= What you should do =
When you reach the line holding "Vaikiški futbolo batai", please begin to restate the lines word for word and continue through the last one in the material, excluding pictures.

= Exercise inputs =
___

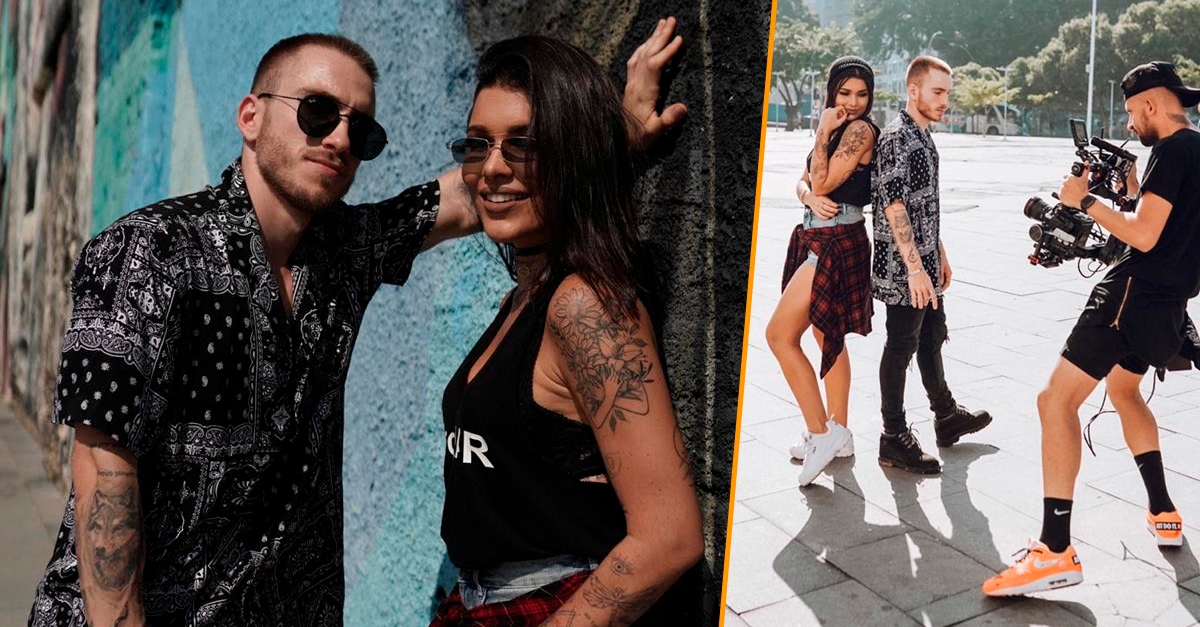 Lary grava clipe com Dreicon pelas ruas do Rio e recebe mensagem de Dulce Maria; saiba mais!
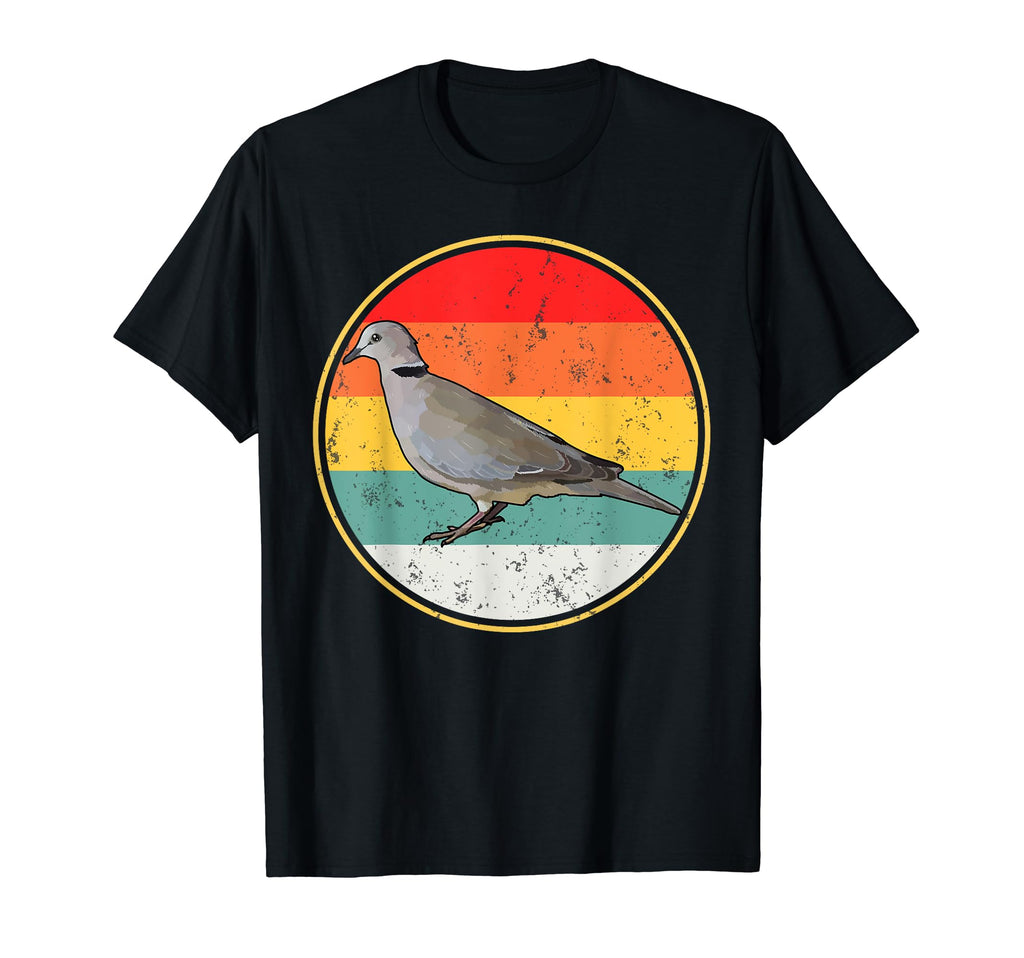Sunset Ring Necked Doves Bird T-Shirt - Custom Art Print Men Women - T-Shirt, Sweatshirt, Hoodie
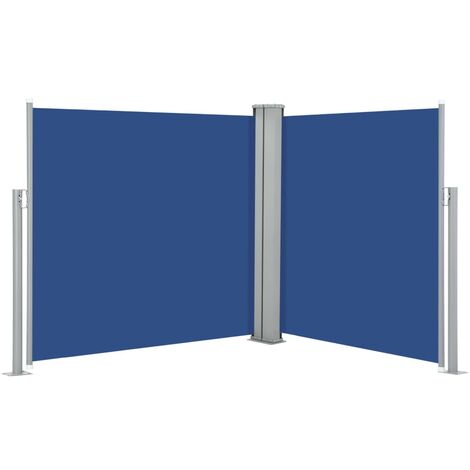 vidaXL Tenda da Sole Laterale Retrattile Blu 100x600 cm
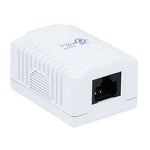 Cat6 1-Port Surface Mount Box White 101904WT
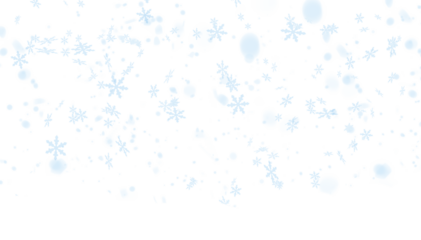 snowfall isolated on transparent background 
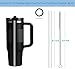 Bubrike Replacement Straws Compatible with 40 oz Stanley Quencher ProTour Flip Straw Tumbler with Leakproof Lid-8 Transparent Straw with 2 Brushes
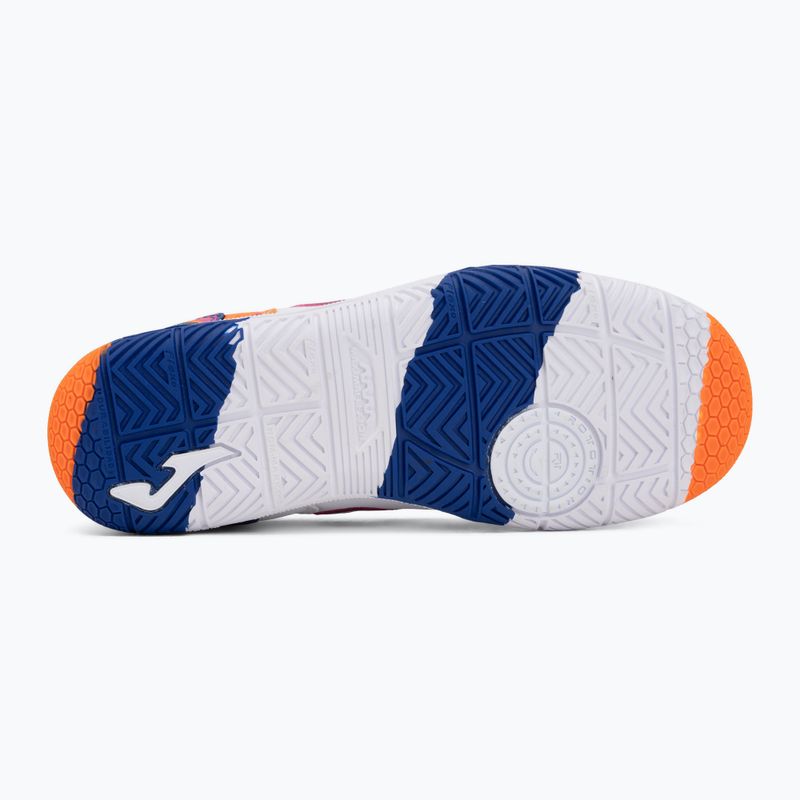 Vaikiški futbolo batai Joma Top Flex Jr IN white-orange 4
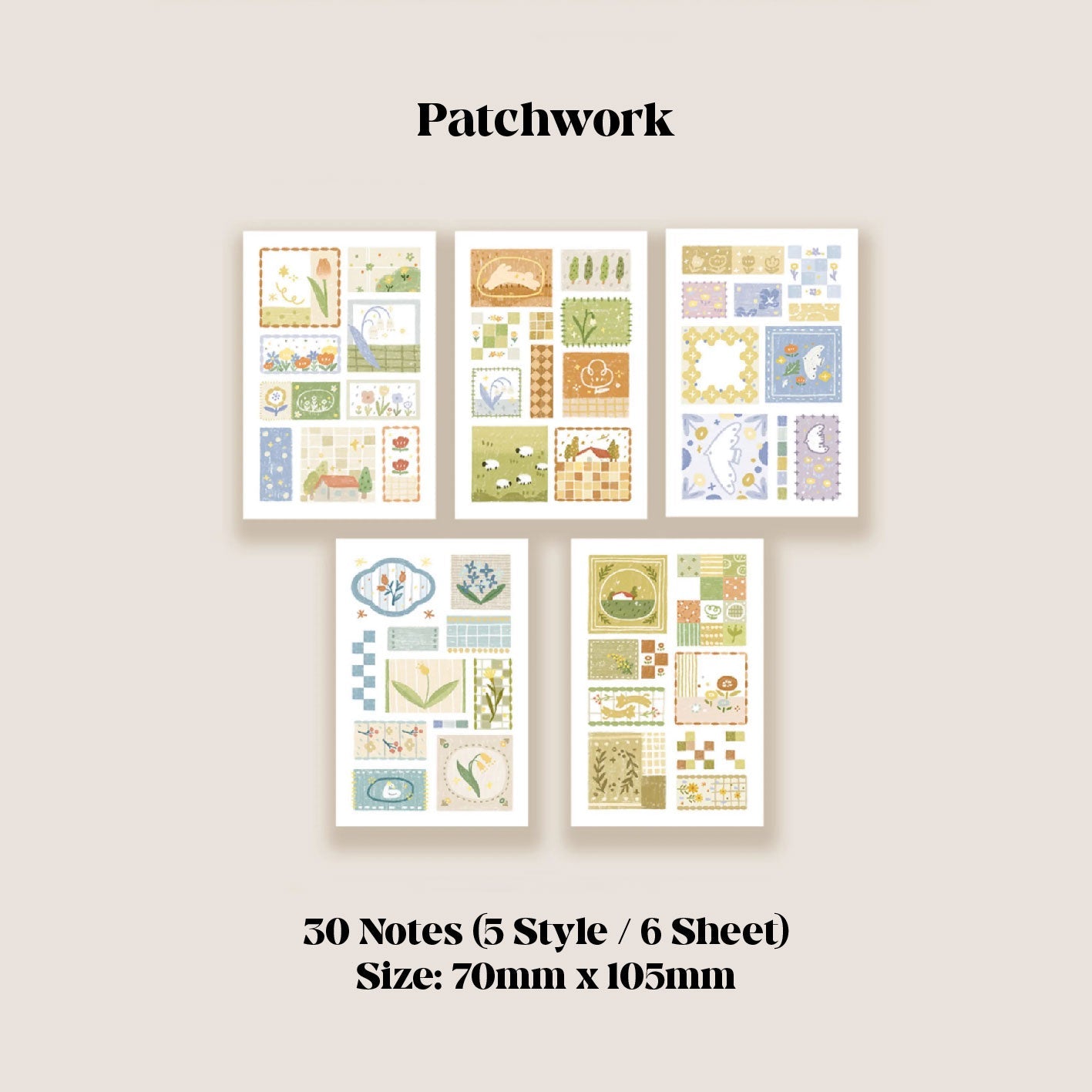 Orange Studio - Patchwork Small Clips Scrapbook Decorative Paper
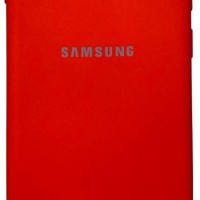 Накладка для Samsung Galaxy S10 Silicone cover без логотипа красная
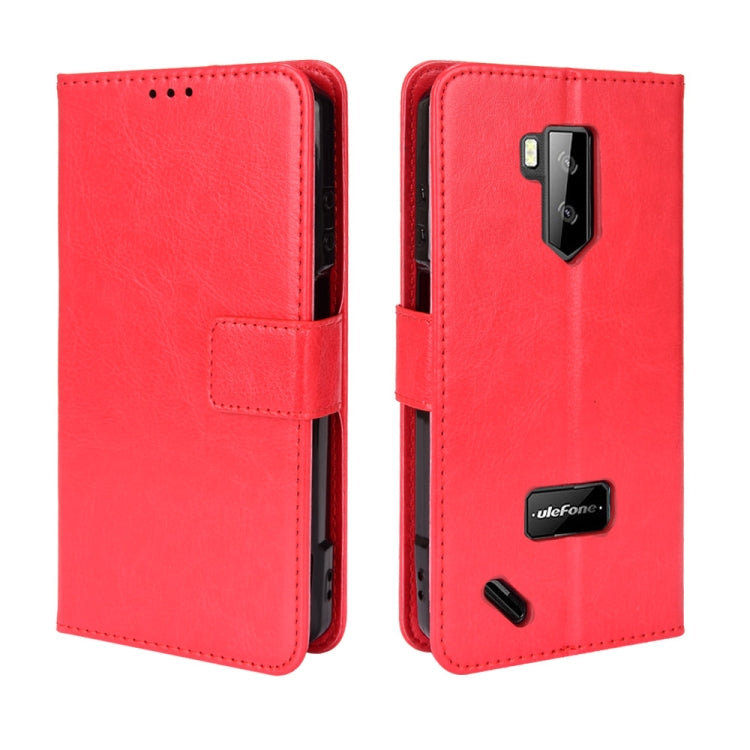 For Ulefone Armor X9 Retro Crazy Horse Texture Leather Phone Case(Red)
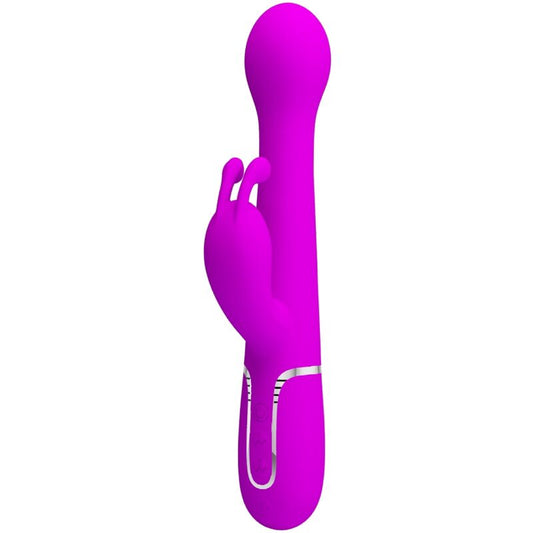PRETTY LOVE - VIBRATEUR DEJON RABBIT 3 EN 1 MULTIFONCTION VIOLET - Sensualia
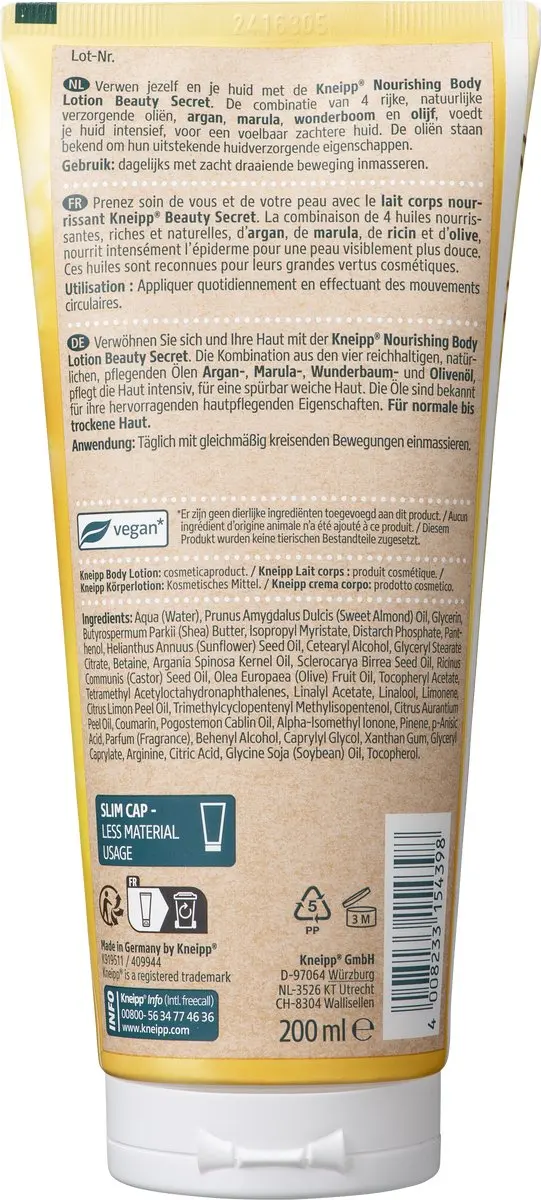 Kneipp Beauty Secret Bodylotion 200ml
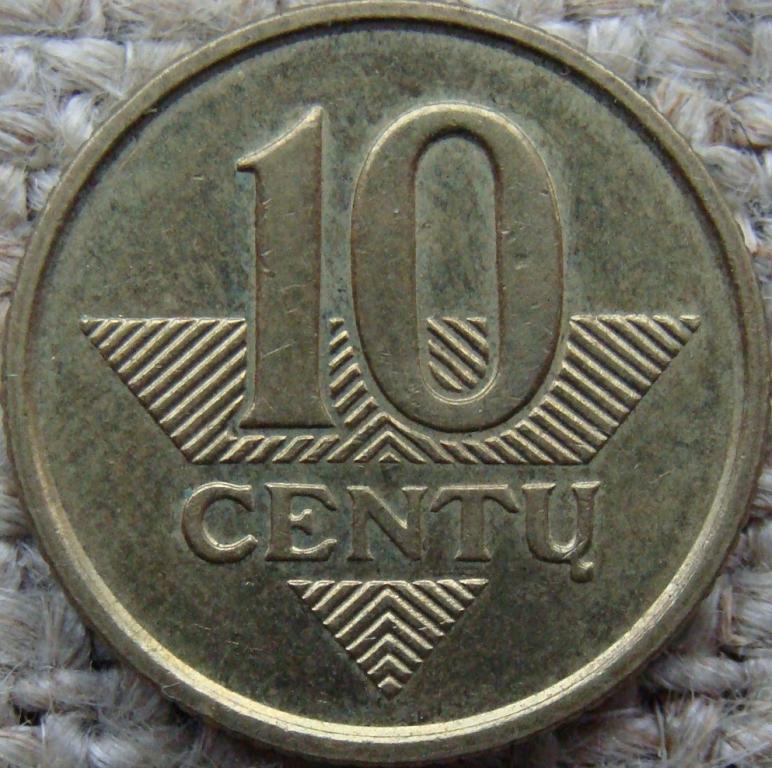 Литва 10 центов 1999 год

___

= Output of the exercise =
 Vaikiški futbolo batai Joma Top Flex Jr IN white-orange 4
 Orange Studio - Patchwork Small Clips Scrapbook Decorative Paper
 Накладка для Samsung Galaxy S10 Silicone cover без логотипа красная
 For Ulefone Armor X9 Retro Crazy Horse Texture Leather Phone Case(Red)
PRETTY LOVE - VIBRATEUR DEJON RABBIT 3 EN 1 MULTIFONCTION VIOLET - Sensualia
 Kneipp Beauty Secret Bodylotion 200ml
 Литва 10 центов 1999 год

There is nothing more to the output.